Chevron RightKensho NERDChevron Right

Text Annotation

v1 (Latest)

Text Annotation

You've obtained a gleaming new token through Okta or RSA, you've grabbed some of your favorite documents, and you're ready to start extracting entities with Kensho NERD! Follow along to make your first requests through the NERD API. Or, jump straight to the full API Reference.

Annotation Quickstart

The NERD API supports two workflows for obtaining annotations for a text document:

  • A synchronous workflow through the /annotations-sync endpoint that is useful for real-time annotations
  • An asynchronous workflow though the /annotations-async endpoint that is useful for bulk processing of documents

The two endpoints expect input of the same shape.

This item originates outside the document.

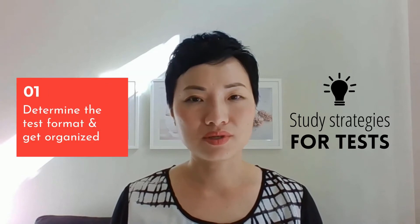Here are the five study strategies: determine the test format and get organized; create a study plan; tailor your study strategies and create study notes; use the three keystone memory strategies; and use the test writing resources.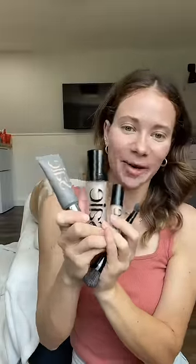Also been dying to try their skin tint moisturizer. Just gonna pump it directly onto my face, like that. I really like this. I'm so glad I finally got to try these products by Sae Beauty.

Keeping things simple, let's make our first request to the synchronous (real-time) endpoint. We're going to extract Wikimedia entities from the following text:

"The Supreme Court in Nairobi rendered its decision to the AU on Wednesday."

This example is trickier than it seems! Both "Supreme Court" and "AU" can only be linked properly if the model takes into account the surrounding entity of "Nairobi" and the joint context of the three entities together. Standard entity extraction solutions might simply return the most "salient" Supreme Court, i.e., the Supreme Court of the United States, and any of the many meanings of the acronym AU, for example Australia and American University. NERD's context awareness enables it to link even the toughest of entities consistently and accurately.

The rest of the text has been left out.